(MATERIALS PROVIDED begins)

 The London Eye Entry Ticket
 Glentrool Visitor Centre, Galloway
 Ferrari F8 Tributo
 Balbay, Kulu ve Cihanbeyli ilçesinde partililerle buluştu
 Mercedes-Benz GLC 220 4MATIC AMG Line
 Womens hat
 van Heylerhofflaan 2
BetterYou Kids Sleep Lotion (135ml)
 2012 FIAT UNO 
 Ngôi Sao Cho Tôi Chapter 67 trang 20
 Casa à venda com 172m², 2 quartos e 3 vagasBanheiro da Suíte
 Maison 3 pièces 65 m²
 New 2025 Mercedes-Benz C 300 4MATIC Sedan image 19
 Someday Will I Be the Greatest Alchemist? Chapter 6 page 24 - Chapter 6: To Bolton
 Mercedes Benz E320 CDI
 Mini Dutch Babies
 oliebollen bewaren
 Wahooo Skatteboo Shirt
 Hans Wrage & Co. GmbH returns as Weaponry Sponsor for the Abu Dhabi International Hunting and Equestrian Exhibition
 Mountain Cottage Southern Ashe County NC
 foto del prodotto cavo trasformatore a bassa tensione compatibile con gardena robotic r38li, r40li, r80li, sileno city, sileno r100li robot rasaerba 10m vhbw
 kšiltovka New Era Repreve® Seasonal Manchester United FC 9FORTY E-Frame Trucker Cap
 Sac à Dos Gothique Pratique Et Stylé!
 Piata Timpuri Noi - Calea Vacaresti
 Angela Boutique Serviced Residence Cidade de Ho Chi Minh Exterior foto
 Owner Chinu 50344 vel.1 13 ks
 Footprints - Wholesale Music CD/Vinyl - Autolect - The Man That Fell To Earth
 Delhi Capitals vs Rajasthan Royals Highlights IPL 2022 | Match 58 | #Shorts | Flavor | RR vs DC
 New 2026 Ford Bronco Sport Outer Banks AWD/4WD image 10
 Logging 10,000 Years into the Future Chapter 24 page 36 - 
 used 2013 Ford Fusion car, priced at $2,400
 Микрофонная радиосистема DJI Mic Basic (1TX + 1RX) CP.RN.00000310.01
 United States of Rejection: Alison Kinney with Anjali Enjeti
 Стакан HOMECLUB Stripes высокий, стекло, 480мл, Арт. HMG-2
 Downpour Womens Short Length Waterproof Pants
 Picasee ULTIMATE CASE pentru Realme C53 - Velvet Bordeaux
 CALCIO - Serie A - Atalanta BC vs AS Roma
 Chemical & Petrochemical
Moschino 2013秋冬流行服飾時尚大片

(MATERIALS PROVIDED ends)

Beginning at the top of the data, please return every line until and including the line containing "Hans Wrage &", copied exactly, and nothing past it.

 The London Eye Entry Ticket
 Glentrool Visitor Centre, Galloway
 Ferrari F8 Tributo
 Balbay, Kulu ve Cihanbeyli ilçesinde partililerle buluştu
 Mercedes-Benz GLC 220 4MATIC AMG Line
 Womens hat
 van Heylerhofflaan 2
BetterYou Kids Sleep Lotion (135ml)
 2012 FIAT UNO 
 Ngôi Sao Cho Tôi Chapter 67 trang 20
 Casa à venda com 172m², 2 quartos e 3 vagasBanheiro da Suíte
 Maison 3 pièces 65 m²
 New 2025 Mercedes-Benz C 300 4MATIC Sedan image 19
 Someday Will I Be the Greatest Alchemist? Chapter 6 page 24 - Chapter 6: To Bolton
 Mercedes Benz E320 CDI
 Mini Dutch Babies
 oliebollen bewaren
 Wahooo Skatteboo Shirt
 Hans Wrage & Co. GmbH returns as Weaponry Sponsor for the Abu Dhabi International Hunting and Equestrian Exhibition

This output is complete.